The IRS is seeking comments on this guidance through December 3, 2018 prior to issuing proposed regulations. Exempt organizations may rely on this guidance in this Notice until the new proposed regulations are issued.

In December 2017 the Act added Section 512(a)(6), which requires an organization with more than one unrelated business activity to calculate its UBIT separately for each trade or business activity for years beginning after December 31, 2017. However, the Act did not define or provide guidance as to how a trade or business activity should be defined for this purpose. This Notice assists organizations in applying and interpreting Section 512(a)(6).

What’s In Notice 2018-67?

1. Separate Trade or Business Guidance 

The Notice provides guidance on how an organization can determine whether they have multiple unrelated trades and businesses. To determine if an organization has more than one unrelated trade or business, an organization “may rely on a reasonable, good-faith interpretation” of Sections 511 through 514, considering all the facts and circumstances. A reasonable, good-faith interpretation includes using the “North American Industry Classification System” (NAICS) 6-digit codes to classify each business.Exempt organizations currently filing Form 990-T to report unrelated business income are already required to use the 6-digit NAICS code; nonetheless, organizations may want to consider reviewing the codes to confirm that they accurately reflect their activities. Codes are available in the Form 990-T filing instructions.The Notice also states that the fragmentation principle of the Code and Regulations, typically used to separate unrelated trades or businesses from exempt purpose activities, may also provide useful guidance in identifying separate trades or businesses.

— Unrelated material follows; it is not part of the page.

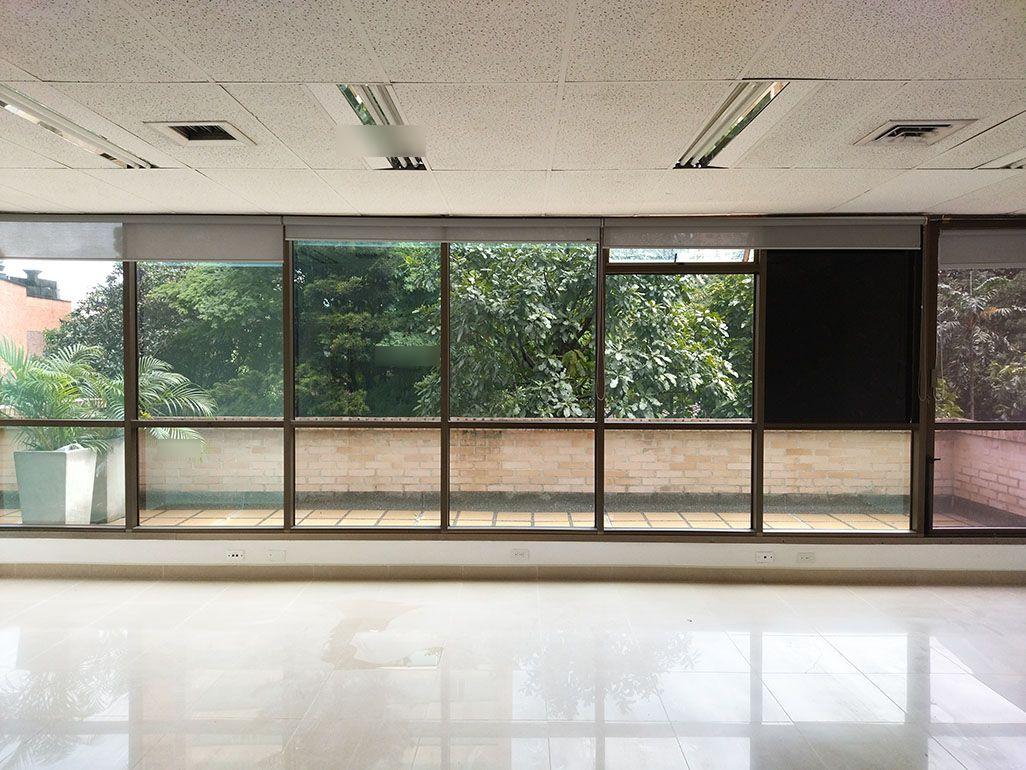 Oficina en arriendo o venta Antioquia Medellín Patio Bonito 40 m2 Habitaciones 0 Baños 1 Garajes 1 Precio venta $410000000 Precio arriendo $3900000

The IRS requests comments describing whether and how these methods or other methods may aide in determining how to identify the separate trades or businesses of an organization.

2. Allocation of Directly Connected Deductions

Further, the Act will require exempt entities with more than one unrelated trade or business with shared expenses to allocate the expenses between the different unrelated trades or businesses. This requirement is similar to the existing rule for “dual-use facilities.” Currently, the IRS’s Priority Guidance Plan features an item regarding the allocation of expenses to dual-use facilities (facilities used for both exempt and non-exempt purposes). The IRS is requesting comments regarding possibly modifying the current allocation method under Section 512, as well as offering “specific standards for allocating expenses relating to dual use facilities and the rules.” The IRS is also asking for comments relating to what allocation methods should be considered “reasonable” and comments concerning possible rules or standards.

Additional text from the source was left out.